Fortunately, lua provides another lightweight method "coroutine" to do things like "concurrently", we don't discuss the difference between coroutine and other concurrent models here. There are two important functions related to our script system: lua_resume which resumes to run the script and lua_yield which enables us the ability to pause the execution of the script.
Our new pipeline of how the script system work is like below:
```graphviz
digraph User_OnSelectNpc_pipleline {
rankdir=LR;
node [shape=record];
{ "User::OnPacket"->"Script::Run"->"lua_resume"; }
}
```
The difference between lua_resume and lua_pcall is that the former just invoke the script asynchronously and return a state immediately(if the value is LUA_OK or value not LUA_YIELD, we abort the script) unlike the latter one which wait the whole script being run through.
Now we don't need std::thread and conditional variables anymore, the new Script::Wait simply calls lua_yield to pause the execution, and Script::Notify just calls Script::Run to resume the execution. For implementation details, please refer to [8793fce](https://github.com/tnsc4502/mnwvs196/tree/8793fceed8440dd936881e901234b02118f98f21), we divided the script system into core, conversation-related and others.
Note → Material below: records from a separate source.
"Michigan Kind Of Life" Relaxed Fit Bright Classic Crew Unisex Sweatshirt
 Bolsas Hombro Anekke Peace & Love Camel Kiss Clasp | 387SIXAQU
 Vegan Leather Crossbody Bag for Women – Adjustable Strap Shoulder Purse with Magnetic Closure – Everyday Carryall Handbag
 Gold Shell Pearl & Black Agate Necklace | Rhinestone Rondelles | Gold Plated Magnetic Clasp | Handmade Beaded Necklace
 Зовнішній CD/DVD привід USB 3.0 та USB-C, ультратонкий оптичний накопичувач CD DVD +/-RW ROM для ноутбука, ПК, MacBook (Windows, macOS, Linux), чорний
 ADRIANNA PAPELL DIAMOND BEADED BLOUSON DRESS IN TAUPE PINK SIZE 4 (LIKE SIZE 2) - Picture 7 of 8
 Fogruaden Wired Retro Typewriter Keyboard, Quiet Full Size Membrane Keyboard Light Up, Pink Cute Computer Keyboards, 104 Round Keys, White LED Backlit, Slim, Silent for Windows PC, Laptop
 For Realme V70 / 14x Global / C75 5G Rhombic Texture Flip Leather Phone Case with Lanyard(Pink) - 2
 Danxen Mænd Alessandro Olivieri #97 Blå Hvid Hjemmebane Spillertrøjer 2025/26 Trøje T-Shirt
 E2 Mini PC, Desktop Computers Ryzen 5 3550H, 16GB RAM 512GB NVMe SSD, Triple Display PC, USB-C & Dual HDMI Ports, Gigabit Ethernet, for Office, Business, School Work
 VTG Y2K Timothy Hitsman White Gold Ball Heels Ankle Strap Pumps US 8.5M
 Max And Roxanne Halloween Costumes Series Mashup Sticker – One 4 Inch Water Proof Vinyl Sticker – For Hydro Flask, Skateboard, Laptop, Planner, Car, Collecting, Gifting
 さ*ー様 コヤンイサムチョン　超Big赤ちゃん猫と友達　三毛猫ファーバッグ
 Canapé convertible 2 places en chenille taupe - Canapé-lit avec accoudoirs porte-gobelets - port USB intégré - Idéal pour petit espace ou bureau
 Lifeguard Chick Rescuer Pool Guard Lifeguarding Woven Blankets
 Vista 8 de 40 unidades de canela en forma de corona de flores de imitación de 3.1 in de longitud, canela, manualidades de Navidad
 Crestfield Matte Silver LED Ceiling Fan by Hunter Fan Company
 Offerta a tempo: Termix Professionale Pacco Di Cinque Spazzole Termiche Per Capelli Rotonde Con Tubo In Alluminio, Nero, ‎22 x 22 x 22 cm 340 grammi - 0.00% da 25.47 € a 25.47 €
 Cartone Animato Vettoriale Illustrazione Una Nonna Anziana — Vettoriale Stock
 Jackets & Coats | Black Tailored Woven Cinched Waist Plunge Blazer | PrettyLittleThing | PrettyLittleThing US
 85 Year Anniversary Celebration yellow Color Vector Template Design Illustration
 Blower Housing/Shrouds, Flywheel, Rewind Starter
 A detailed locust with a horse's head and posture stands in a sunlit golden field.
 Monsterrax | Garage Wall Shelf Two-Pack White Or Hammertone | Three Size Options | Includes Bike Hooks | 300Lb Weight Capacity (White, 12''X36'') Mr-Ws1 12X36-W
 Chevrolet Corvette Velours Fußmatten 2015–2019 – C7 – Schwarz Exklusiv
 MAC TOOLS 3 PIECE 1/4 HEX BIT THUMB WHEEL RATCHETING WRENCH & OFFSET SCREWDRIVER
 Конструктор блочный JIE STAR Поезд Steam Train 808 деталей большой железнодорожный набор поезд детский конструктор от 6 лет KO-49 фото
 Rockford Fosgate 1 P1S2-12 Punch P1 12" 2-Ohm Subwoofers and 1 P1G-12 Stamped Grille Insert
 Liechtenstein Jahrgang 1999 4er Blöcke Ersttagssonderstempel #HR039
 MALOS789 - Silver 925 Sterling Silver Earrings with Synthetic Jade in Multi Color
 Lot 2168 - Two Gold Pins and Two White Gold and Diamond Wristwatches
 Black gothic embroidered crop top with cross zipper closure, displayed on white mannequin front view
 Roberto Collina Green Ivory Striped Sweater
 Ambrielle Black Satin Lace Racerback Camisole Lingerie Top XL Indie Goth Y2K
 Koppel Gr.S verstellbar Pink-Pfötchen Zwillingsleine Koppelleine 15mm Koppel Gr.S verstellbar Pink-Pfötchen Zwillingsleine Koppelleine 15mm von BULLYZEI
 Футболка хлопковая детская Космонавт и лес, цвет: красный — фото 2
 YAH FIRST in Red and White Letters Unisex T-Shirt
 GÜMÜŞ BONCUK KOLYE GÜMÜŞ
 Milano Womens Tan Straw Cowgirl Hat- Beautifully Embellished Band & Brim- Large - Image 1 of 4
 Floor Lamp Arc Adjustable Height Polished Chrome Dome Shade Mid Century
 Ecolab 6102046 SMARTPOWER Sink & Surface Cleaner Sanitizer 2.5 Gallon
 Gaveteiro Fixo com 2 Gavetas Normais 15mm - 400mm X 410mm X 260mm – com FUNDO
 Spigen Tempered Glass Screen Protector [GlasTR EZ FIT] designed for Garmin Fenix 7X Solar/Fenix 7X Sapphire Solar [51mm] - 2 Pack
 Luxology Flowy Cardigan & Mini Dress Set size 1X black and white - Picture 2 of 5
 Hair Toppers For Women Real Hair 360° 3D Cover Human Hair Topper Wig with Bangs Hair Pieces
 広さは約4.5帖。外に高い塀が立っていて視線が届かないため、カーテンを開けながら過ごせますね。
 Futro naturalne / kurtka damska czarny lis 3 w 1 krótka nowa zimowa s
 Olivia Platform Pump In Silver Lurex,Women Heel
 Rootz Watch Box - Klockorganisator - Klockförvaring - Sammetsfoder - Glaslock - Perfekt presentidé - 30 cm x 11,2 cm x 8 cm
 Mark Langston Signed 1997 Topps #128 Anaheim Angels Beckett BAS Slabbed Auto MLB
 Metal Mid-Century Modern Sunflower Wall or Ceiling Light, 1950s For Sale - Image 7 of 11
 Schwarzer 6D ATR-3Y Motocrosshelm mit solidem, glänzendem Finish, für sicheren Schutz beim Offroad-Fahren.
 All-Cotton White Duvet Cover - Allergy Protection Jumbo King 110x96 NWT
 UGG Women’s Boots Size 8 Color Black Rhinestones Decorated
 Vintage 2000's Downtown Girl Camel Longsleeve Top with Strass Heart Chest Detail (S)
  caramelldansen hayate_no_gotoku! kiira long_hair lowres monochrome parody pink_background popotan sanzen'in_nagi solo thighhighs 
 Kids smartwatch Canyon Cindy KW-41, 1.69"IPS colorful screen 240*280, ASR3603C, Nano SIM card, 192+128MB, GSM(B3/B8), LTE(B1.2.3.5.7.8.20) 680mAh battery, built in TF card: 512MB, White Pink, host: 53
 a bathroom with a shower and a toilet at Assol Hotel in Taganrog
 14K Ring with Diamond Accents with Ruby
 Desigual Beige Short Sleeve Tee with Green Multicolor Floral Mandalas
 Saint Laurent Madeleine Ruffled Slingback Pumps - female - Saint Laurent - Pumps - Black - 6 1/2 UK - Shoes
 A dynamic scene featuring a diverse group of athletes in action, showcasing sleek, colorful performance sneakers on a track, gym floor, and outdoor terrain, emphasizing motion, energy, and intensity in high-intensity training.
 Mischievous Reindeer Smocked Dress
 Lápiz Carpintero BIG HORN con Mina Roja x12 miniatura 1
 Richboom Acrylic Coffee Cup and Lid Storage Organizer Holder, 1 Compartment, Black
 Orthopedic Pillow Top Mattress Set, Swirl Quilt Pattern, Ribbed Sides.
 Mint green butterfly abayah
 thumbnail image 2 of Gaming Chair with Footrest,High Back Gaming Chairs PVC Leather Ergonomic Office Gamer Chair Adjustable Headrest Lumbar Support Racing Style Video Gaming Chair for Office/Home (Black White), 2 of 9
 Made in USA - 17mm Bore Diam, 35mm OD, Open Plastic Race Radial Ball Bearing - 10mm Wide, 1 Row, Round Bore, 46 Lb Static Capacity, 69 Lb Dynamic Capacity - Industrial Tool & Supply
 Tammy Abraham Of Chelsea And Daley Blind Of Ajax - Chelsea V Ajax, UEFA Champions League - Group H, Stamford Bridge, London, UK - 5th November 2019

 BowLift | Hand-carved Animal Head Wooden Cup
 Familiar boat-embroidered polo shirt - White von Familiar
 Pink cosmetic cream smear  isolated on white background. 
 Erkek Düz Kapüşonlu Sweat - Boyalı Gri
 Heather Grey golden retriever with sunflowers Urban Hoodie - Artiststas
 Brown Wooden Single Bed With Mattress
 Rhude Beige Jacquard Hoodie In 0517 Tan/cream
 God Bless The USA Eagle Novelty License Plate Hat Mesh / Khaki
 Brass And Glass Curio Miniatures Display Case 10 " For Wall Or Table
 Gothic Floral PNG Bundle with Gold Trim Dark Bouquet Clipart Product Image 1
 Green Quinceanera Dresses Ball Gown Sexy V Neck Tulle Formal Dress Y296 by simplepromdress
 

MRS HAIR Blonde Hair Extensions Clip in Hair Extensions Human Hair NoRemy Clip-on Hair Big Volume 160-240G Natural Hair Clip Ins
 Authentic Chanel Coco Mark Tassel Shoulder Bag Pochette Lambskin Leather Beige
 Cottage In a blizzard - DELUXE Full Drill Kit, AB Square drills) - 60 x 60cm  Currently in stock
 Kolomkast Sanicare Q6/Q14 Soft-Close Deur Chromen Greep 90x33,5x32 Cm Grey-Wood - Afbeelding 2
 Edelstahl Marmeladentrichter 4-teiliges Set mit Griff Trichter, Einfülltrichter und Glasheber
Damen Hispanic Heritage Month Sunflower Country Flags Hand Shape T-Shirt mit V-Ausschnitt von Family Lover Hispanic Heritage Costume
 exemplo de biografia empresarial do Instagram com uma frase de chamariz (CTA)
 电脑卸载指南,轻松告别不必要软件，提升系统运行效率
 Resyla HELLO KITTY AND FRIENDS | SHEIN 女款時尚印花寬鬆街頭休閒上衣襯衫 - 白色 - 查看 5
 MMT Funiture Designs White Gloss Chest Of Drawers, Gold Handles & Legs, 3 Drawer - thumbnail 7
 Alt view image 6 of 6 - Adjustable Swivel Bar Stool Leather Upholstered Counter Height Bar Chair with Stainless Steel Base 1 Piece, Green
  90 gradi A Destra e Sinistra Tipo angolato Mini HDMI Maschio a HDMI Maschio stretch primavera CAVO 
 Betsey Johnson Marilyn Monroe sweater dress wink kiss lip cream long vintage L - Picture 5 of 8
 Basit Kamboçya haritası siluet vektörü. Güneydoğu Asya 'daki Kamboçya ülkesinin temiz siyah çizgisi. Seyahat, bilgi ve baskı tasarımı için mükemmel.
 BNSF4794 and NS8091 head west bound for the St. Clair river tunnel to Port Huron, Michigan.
Using coroutine doesn't cause any D.C. problem, and the overall performance seems better than using std::thread and conditional variables.
In the other scenario, the FieldSet may invoke an arbitrary function in scripts(like events in OD). For example, when reaching the time limit, we may want to call onTimedOut in the script to do some stuffs. To call lua a function from C++ side, it requires first calling lua_getglobal(lua state obj, "func name"), and then calling lua_resume. But luaL_loadfile won't get all symbols in the script since it doesn't run through the whole script, we need to call lua_pcall after initializing the script.
To conclude, the script system in wvs project is adaptable to any scenarios in MapleStory and is stable enough though most helper functions like transerFieldRequest haven't implemented yet LEL.